Work order:
Leaving out pictures, output exactly the lines below from the one that has "3rd image of 1 Sheridan Pl" through the one that has "Black Cotton Silk", and nothing else.

Records to use:
>>

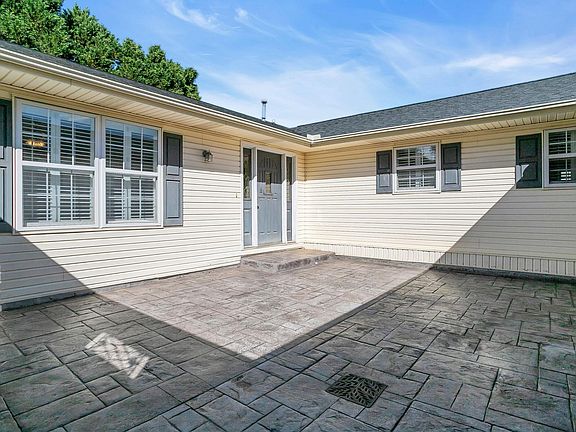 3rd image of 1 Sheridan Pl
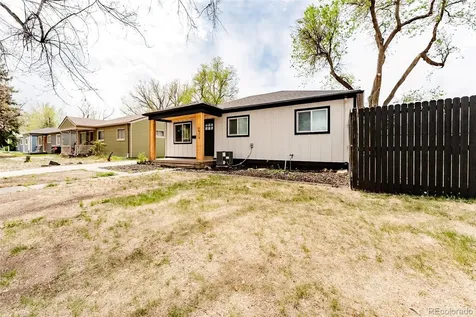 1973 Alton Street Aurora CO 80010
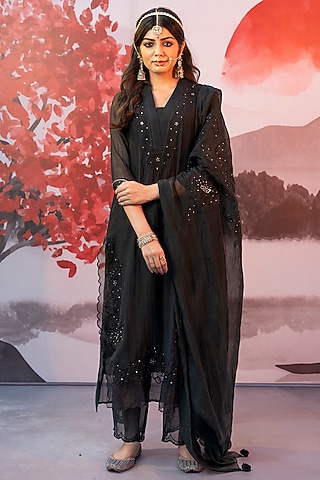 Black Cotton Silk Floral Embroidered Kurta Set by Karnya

<<
>>

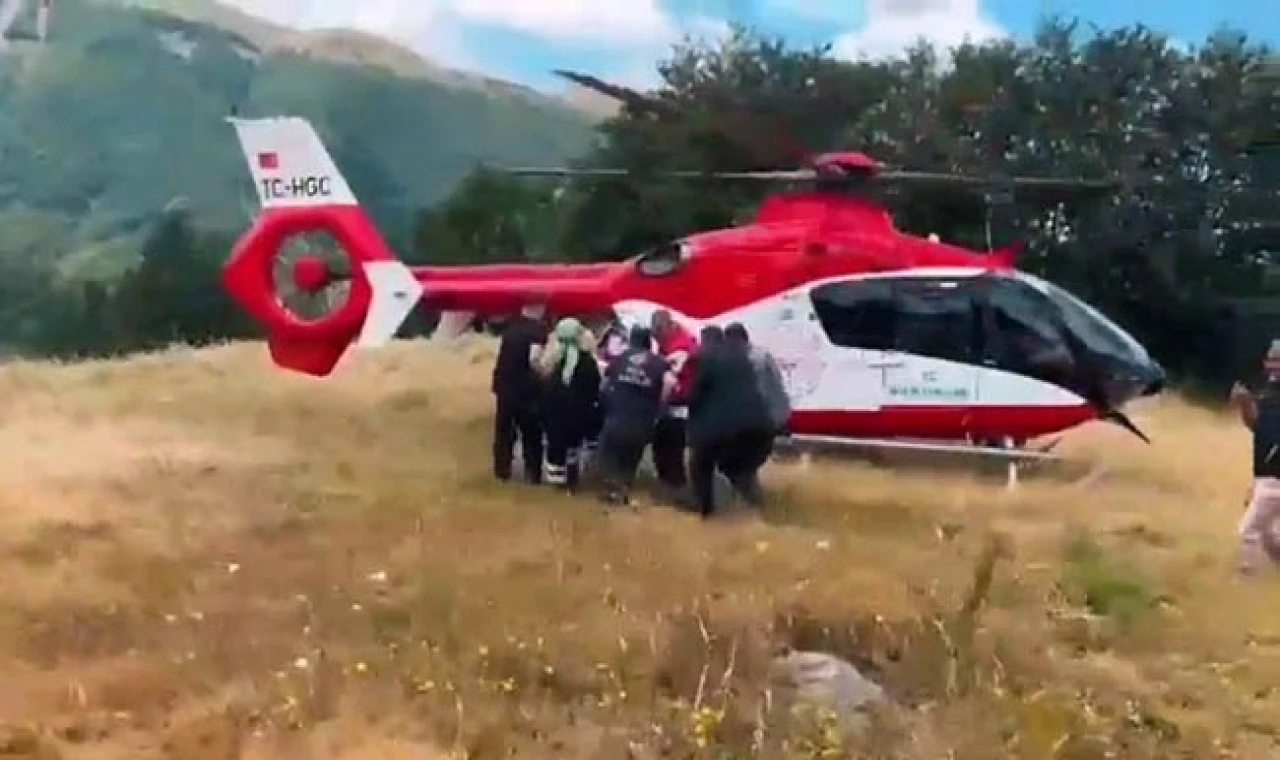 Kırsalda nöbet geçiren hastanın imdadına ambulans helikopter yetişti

<<

Solution to this problem:
 3rd image of 1 Sheridan Pl
 1973 Alton Street Aurora CO 80010
 Black Cotton Silk Floral Embroidered Kurta Set by Karnya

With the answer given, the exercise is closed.